Many modern perceptions of Vikings found their origins through Catholic propaganda. Upon the sacking of multiple Christian facilities and the loss of countless relics and treasures, the Catholic ministry sought to dehumanize them. Until Queen Victoria’s rule of Britain, the Vikings were still portrayed as a violent and barbaric people. During the 19th and 20th centuries, perceptions changed to the point where Vikings were glamorized as noble savages with horned helmets, a proud culture and a feared prowess in battle.
With regards to the more popular Viking myths created through these misperceptions, the following are proven to be clearly false according to historical record:
1. Vikings wore horned helmets
Vikings traditionally went bareheaded or wore simple leather and metal-frame helmets with the occasional face guard. The idea behind horned helmets came about from the Viking revival during Victoria’s reign.
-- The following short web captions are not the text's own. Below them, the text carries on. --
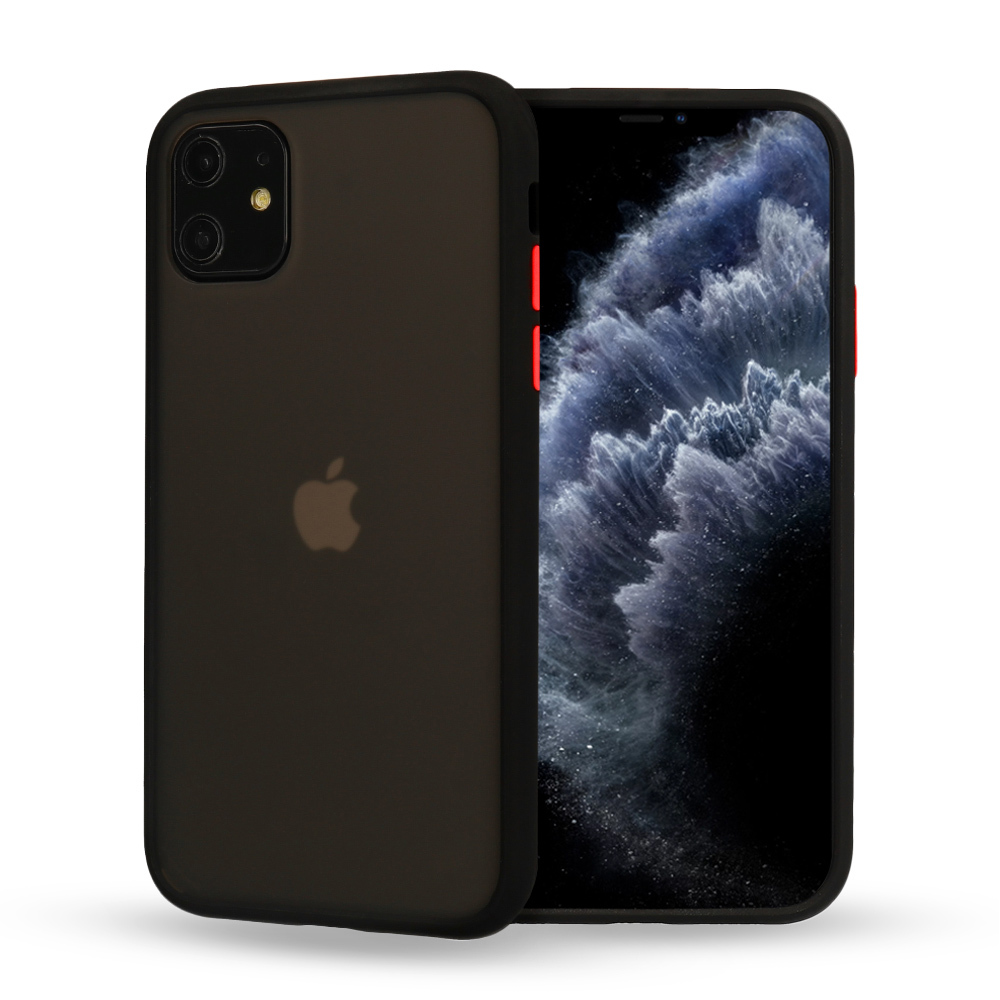 Vennus Color Button Bumper Samsung Galaxy A20S:lle musta
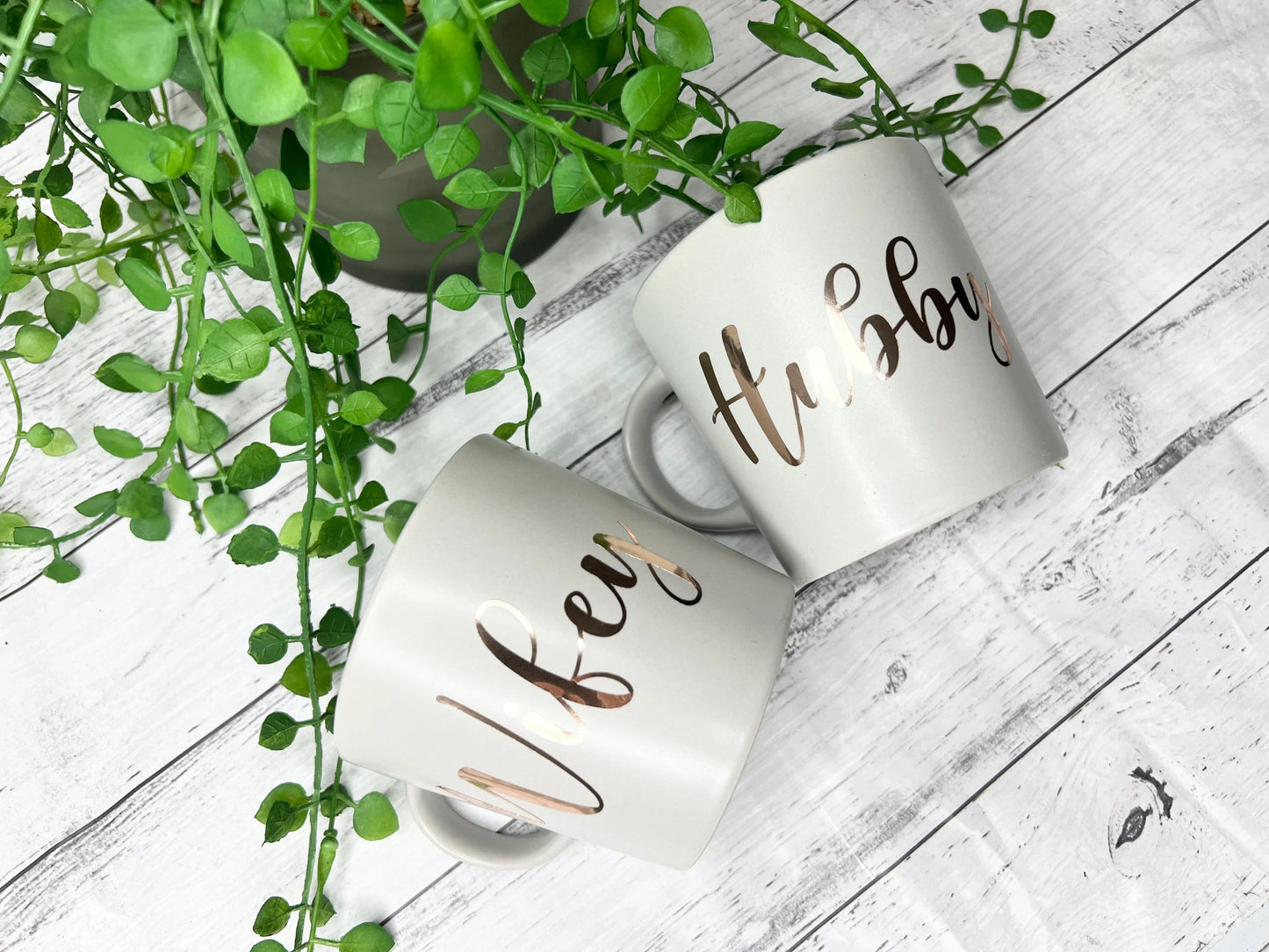 Hubby and wifey mug Grey Rose gold metallic set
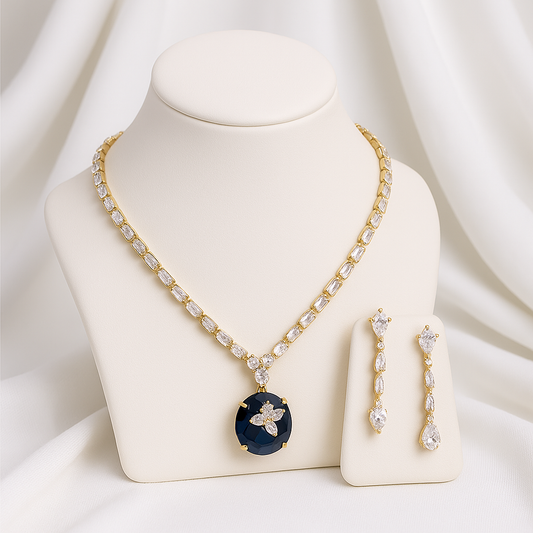 Elegant Sapphire Necklace and Earring Set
2. They were filthy and unkempt
Archaeologists find evidence on a regular basis of combs, spoons and other grooming utensils that indicate the Viking people were very keen on maintaining personal hygiene.
3. They spent all their time raiding and warring
While raiding proved an excellent source of income, many of the Vikings held farms back in their homeland that their wives maintained during Viking season. When the men returned home from a raid, they resumed their normal routine of farming.
4. Vikings were a unified army
Due to the difficult geographic location, the Scandinavian people were very spread out to conserve limited farmland. In addition, the penetration of Christianity caused many great divisions among the people still worshiping the traditional Nordic pantheon, further emphasizing the divided nature of the people.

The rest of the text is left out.